What the task requires -> Your answer should hold exactly the lines below from the line with "dentro del procedimiento" through the line with "ENFEITE DE MESA", both included, and no pictures at all.

/---

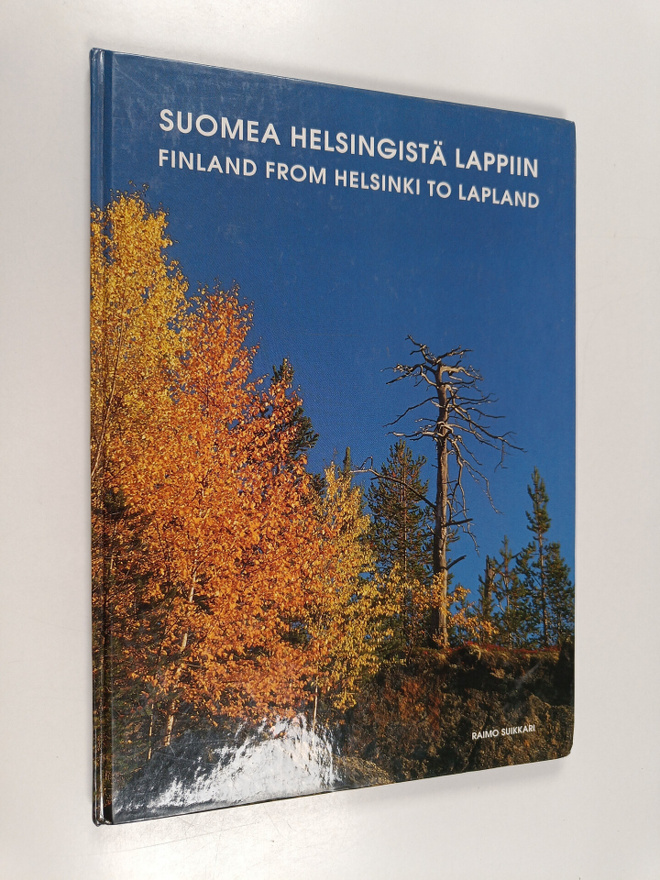 Raimo Suikkari : Suomea Helsingistä Lappiin = Finland fro...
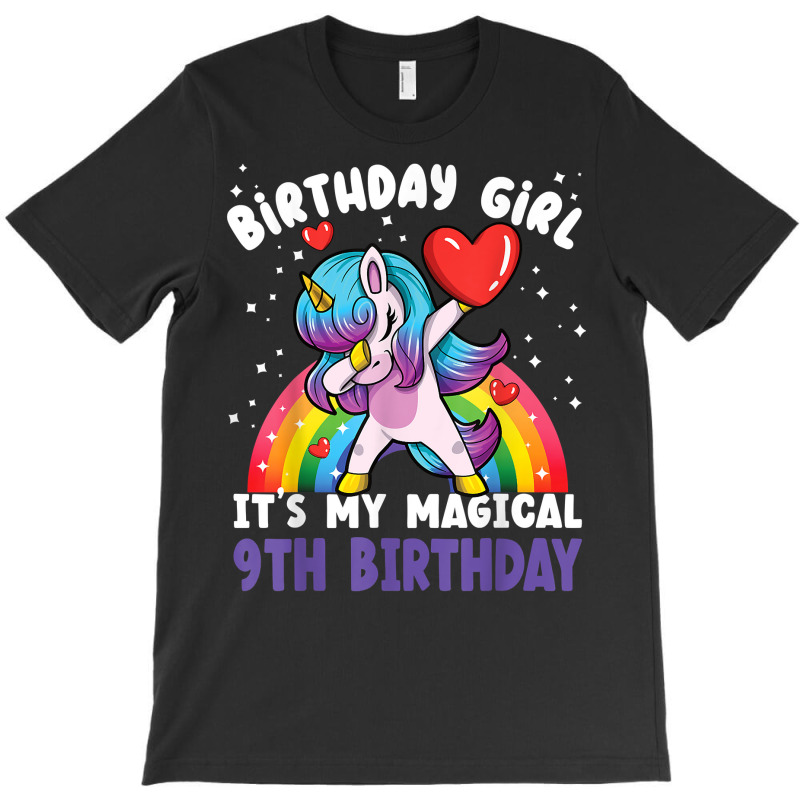 Birthday Girl It's My Magical 9th Birthday Bday Unicorn T Shirt T-Shirt by zakarimullin | Artistshot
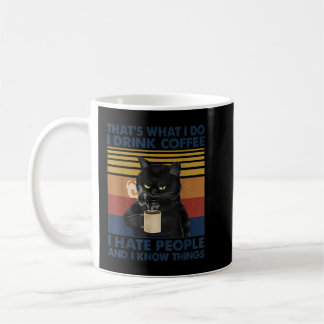 Caneca De Café É isso que eu bebo café que odeio gatos Pessoas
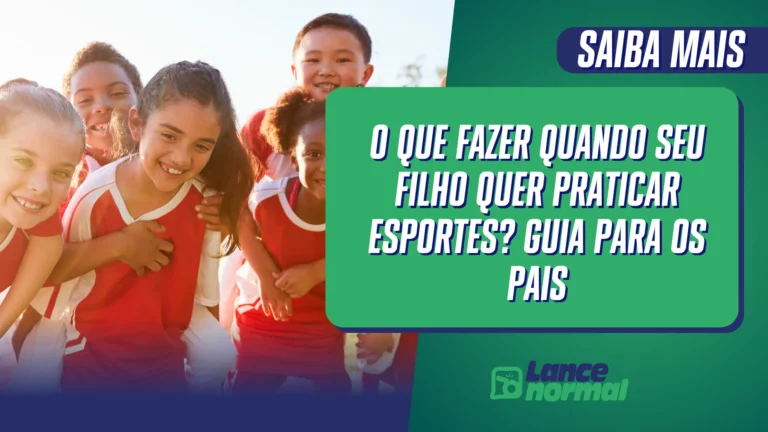 O que fazer quando seu filho quer praticar esportes? Guia para os pais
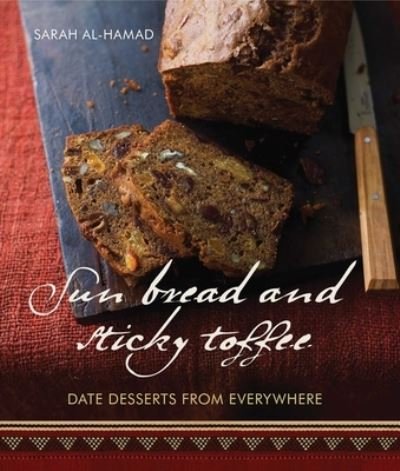 Cover for Sarah Al-hamad · Sun Bread and Sticky Toffee: Date Desserts from Everywhere: 10th Anniversary Edition (Taschenbuch) (2023)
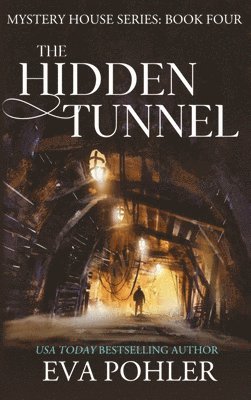 Eva Pohler - Hidden Tunnel, Inbunden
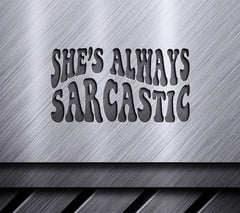 Shes Always Sarcastic - Retro  SVG Design SVG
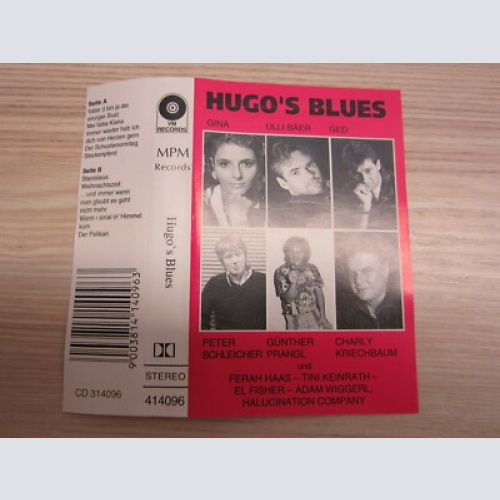 MC / HUGO'S BLUES / ULLI BÄER, PETER SCHLEICHER, GINA, HALUCINATION COMPANY /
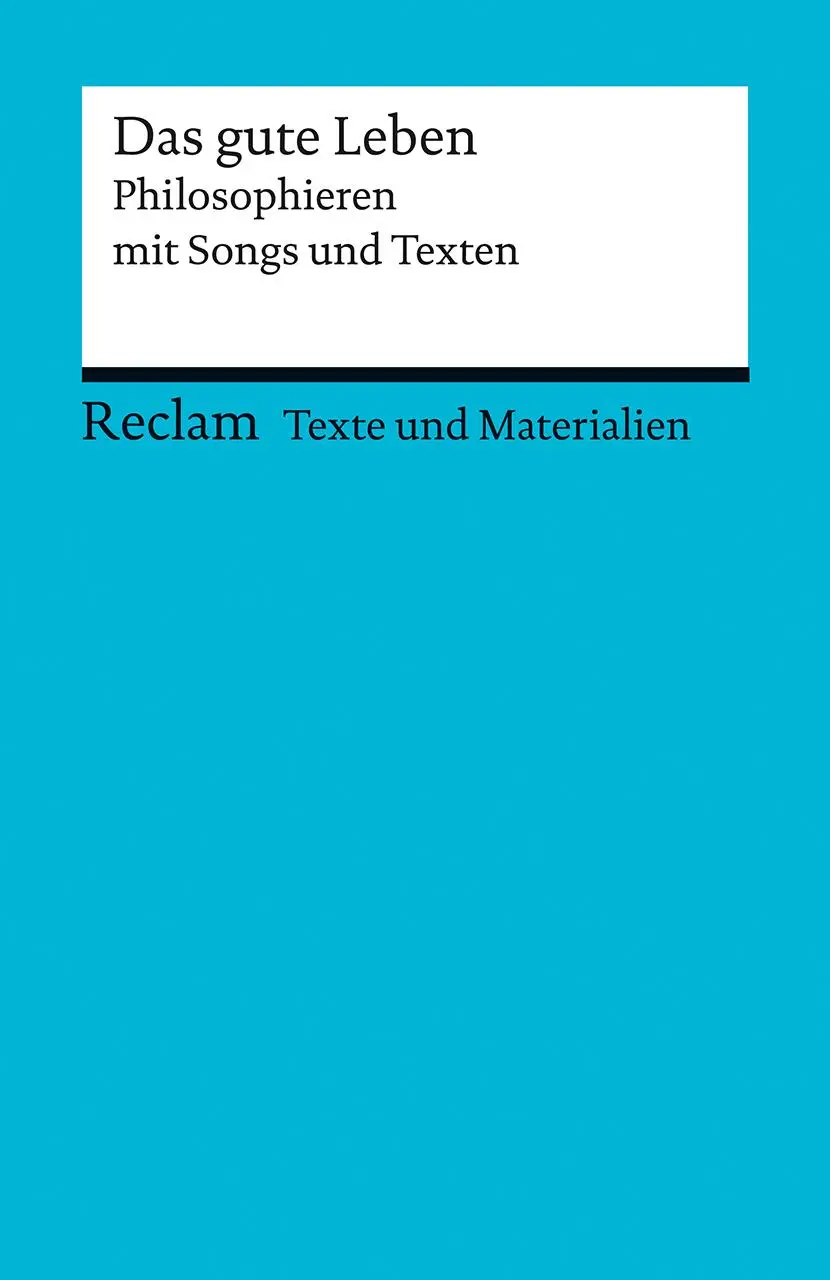 Cover: 9783150150863 | Das gute Leben. Philosophieren mit Songs und Texten | Peters (u. a.)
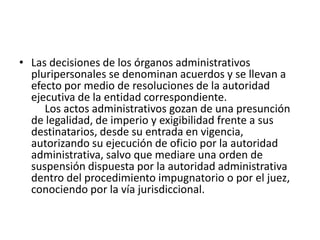 • Las decisiones de los órganos administrativos
pluripersonales se denominan acuerdos y se llevan a
efecto por medio de resoluciones de la autoridad
ejecutiva de la entidad correspondiente.
Los actos administrativos gozan de una presunción
de legalidad, de imperio y exigibilidad frente a sus
destinatarios, desde su entrada en vigencia,
autorizando su ejecución de oficio por la autoridad
administrativa, salvo que mediare una orden de
suspensión dispuesta por la autoridad administrativa
dentro del procedimiento impugnatorio o por el juez,
conociendo por la vía jurisdiccional.

 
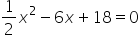 1 half x squared minus 6 x plus 18 equals 0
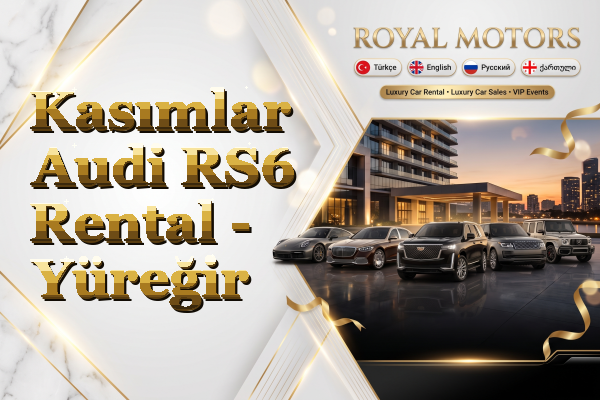 Kasımlar Audi RS6 Rental - Yüreğir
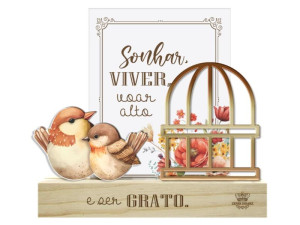 ENFEITE DE MESA COM APLIQUE SONHAR, VIVER, VOAR ALTO...PASSARINHO 15X16X4,5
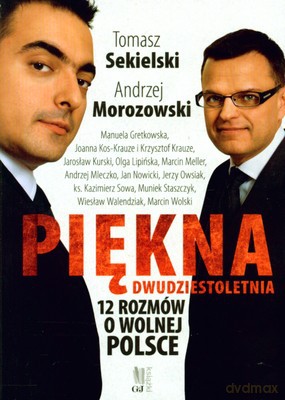 Piękna Dwudziestoletnia 12 Rozmów O Wolnej Polsce - Tomasz Sekielski, Andrzej Morozowski [KSIĄŻKA]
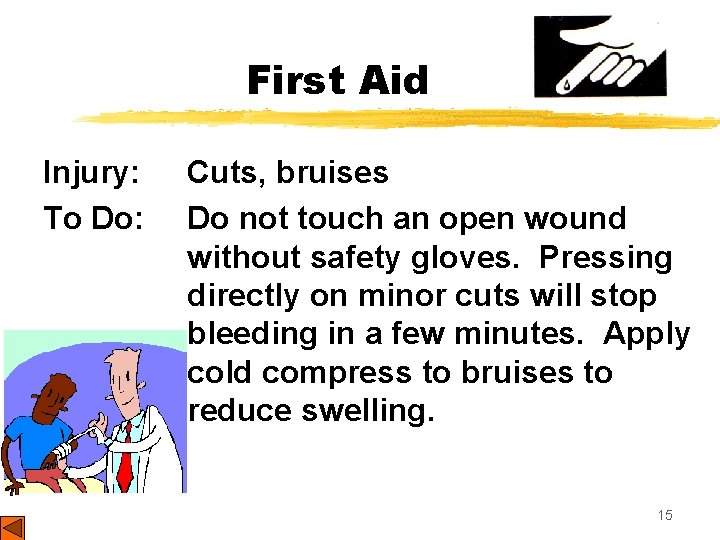 First Aid Injury: To Do: Cuts, bruises Do not touch an open wound without
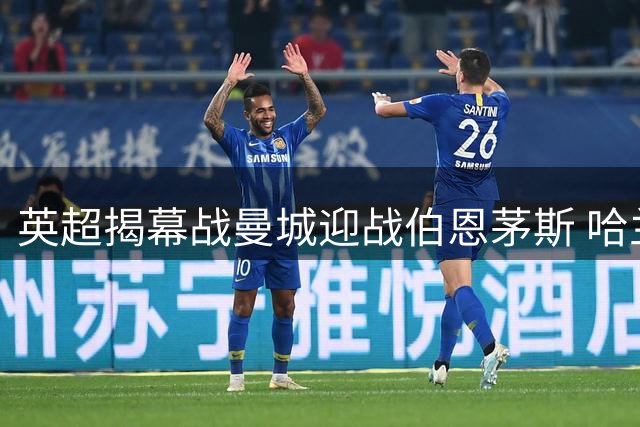 英超揭幕战曼城迎战伯恩茅斯 哈兰德领衔首发阵容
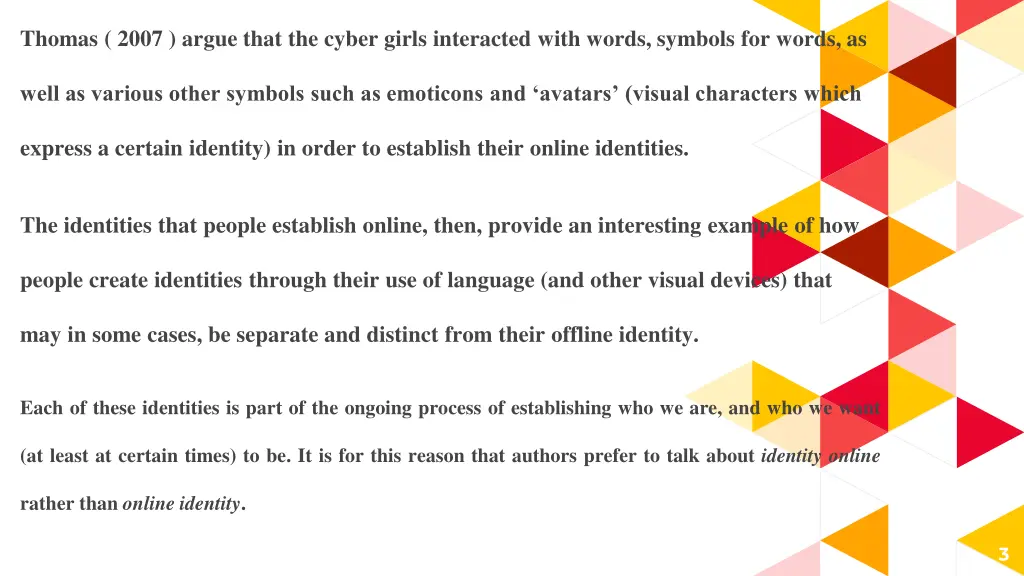 thomas 2007 argue that the cyber girls interacted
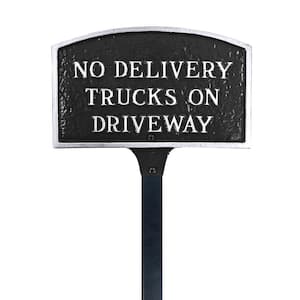 No Delivery Trucks on Driveway Standard Arch Statement Plaque with 17.5 in. Lawn Stakes-Black/Silver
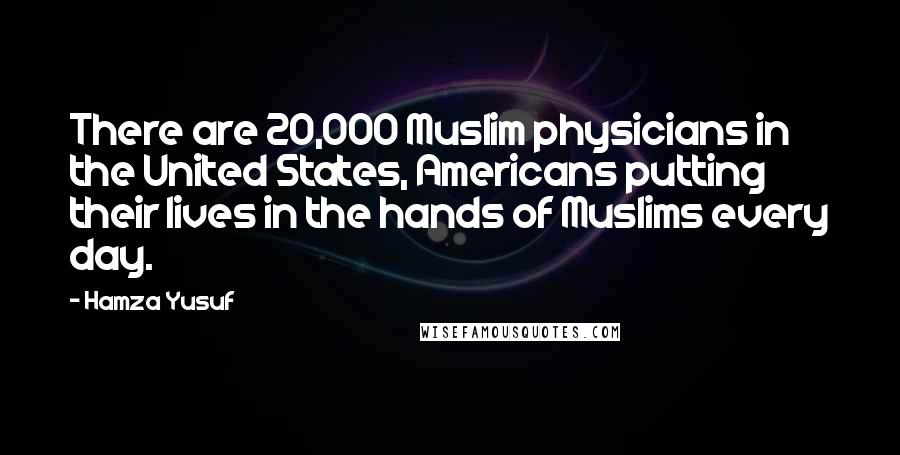 Hamza Yusuf Quotes: There are 20,000 Muslim physicians in the United States, Americans putting their lives in the hands of Muslims every day.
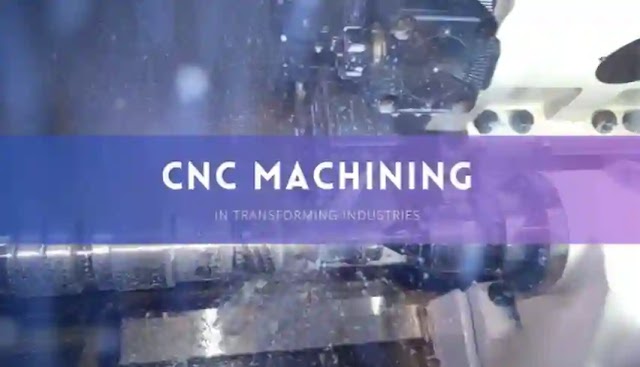 The Role of CNC Machining in Transforming Industries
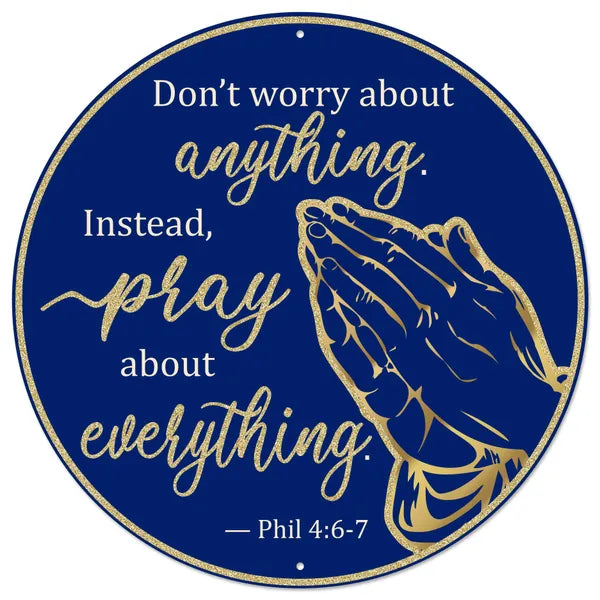 12"DIA GLTTR DON’T WORRY PRAY SIGN-NAVY BLUE/GOLD-MD1742F9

\---

Response area ->
dentro del procedimiento impugnatorio o por el juez,
conociendo por la vía jurisdiccional.

 
 1 half x squared minus 6 x plus 18 equals 0
 Kasımlar Audi RS6 Rental - Yüreğir
 ENFEITE DE MESA COM APLIQUE SONHAR, VIVER, VOAR ALTO...PASSARINHO 15X16X4,5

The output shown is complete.